A obra de Adjani Okpu-Egbe, artista e pesquisador britânico nascido em Camarões, é multifacetada, interdisciplinar e profundamente envolvente. O artista infunde sua experiência pessoal em cores expressivas e harmônicas, simbolismos inventivos, um uso expandido de materiais e uma autenticidade enraizada em uma pesquisa rigorosa. Conhecido por sua linguagem visual estratificada e por figuras abstratas que chama de “manimals” [fusão das palavras “homem” e “animal” em inglês], Okpu-Egbe atua de forma abrangente na formação intercultural do pensamento. As três obras apresentadas como uma constelação na 36a Bienal de São Paulo marcam um momento decisivo em sua trajetória.
Com um estilo descrito pela primeira vez como “shelving” [“colocar em prateleiras”] pelo curador geral da Bienal, esses motivos expandem a técnica do artista e incorporam objetos escultóricos carregados de histórias. Eles complementam os painéis de portas – jogando com a ideia de portas “abertas” e “fechadas” em nossas vivências cotidianas – como uma metáfora poderosa daquilo que arquivamos, compartilhamos ou descartamos. A obra Fortitude (2018-2024) se posiciona contra o apagamento ao dispor, em forma de prateleira, livros escritos por mulheres negras, em especial a educadora afro-brasileira Conceição Evaristo, cujo poema “Da calma e do silêncio” inspirou o título da Bienal. Por meio desse gesto, Okpu-Egbe encarna os temas centrais do evento e propõe um cânone diversificado em lugar do repertório dominante, enganoso, patriarcal, colonial e branco.

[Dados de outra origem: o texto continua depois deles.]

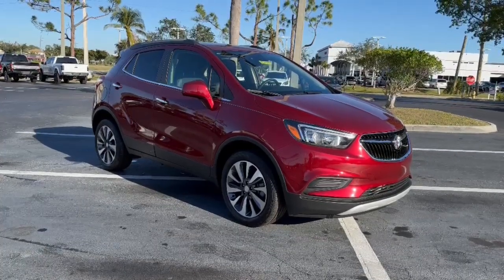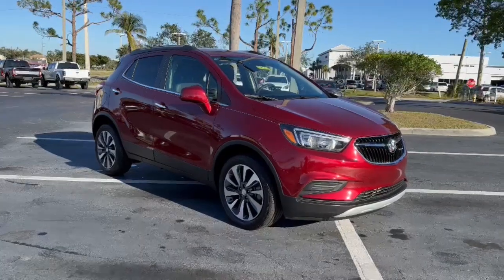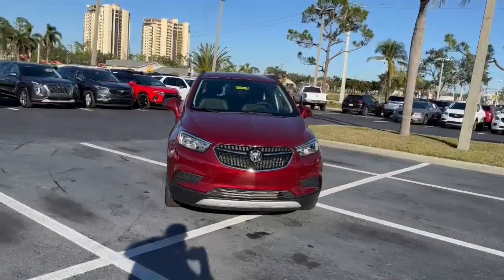You're going to love the 2022 Buick Encore. Have fun getting where you need to go in the sleek and nimble Encore, the small luxury SUV with a can-do attitude.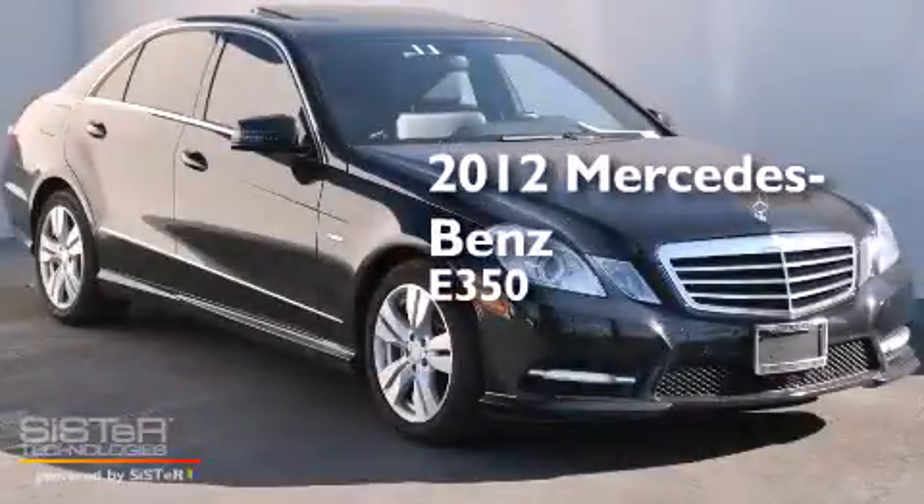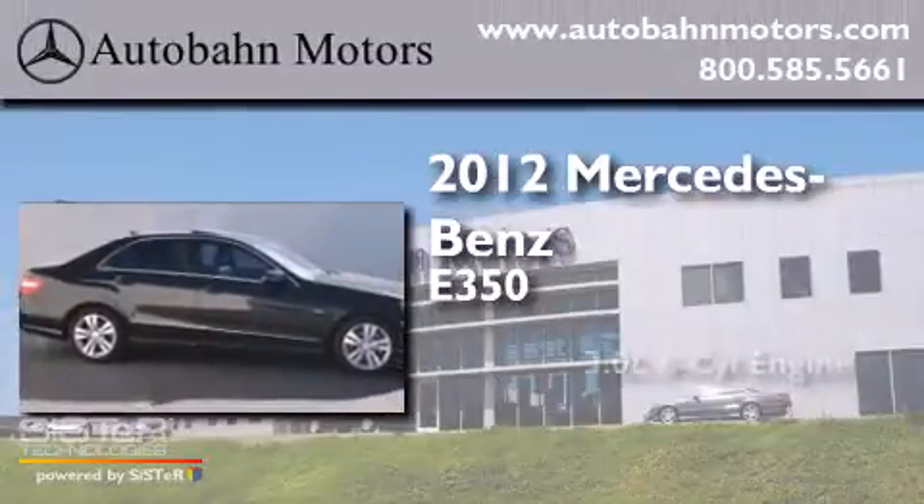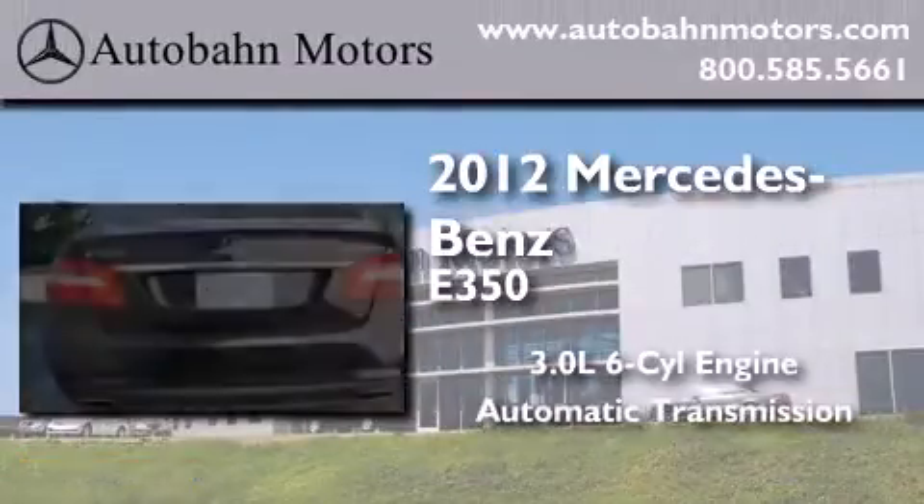This is a certified pre-owned 2012 Mercedes-Benz E350. It has a 3.0-liter six-cylinder engine and an automatic transmission.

O trabalho Premonition of Ngarbuh [Premonição de Ngarbuh] (2020-2024), produzido em resposta ao massacre de Ngarbuh ocorrido em 2020 em Camarões, confronta os horrores da violência estatal, em que mulheres e crianças são as maiores vítimas enquanto a “comunidade internacional” permanece em silêncio. Angustiante e emocionalmente contundente, a cena mostra figuras fantasmagóricas em meio a uma paisagem carbonizada – com crianças brincando de pular corda, cercadas de animais estranhos –, evocando uma sensação perturbadora de insegurança. Os objetos dispostos em prateleiras falam de perda, profanação espiritual e resiliência. Ao documentar esse trágico fracasso dos processos de descolonização e o conflito armado esquecido que assola as regiões anglófonas do país desde 2016, Okpu-Egbe ecoa Guernica (1937), de Picasso, e faz uma contribuição urgente à história da arte – um gesto que atende ao chamado por um intelectualismo público.
Exibida ao lado está a obra An Allegorical Conglomeration of Origins and Inevitabilities [Uma conglomeração alegórica de origens e inevitabilidades] (2024), baseada na imaginação de futuros negros. Sua densa estratificação – uma tapeçaria de conteúdos autobiográficos que fundamentam a prática narrativa do artista – inclui símbolos como limões em rama, tranças, relógios e lampiões. Esses elementos refletem sobre inevitabilidades projetadas para moldar o que o artista descreve como “consciência negra em futuros negros” (BCBF, na sigla em inglês).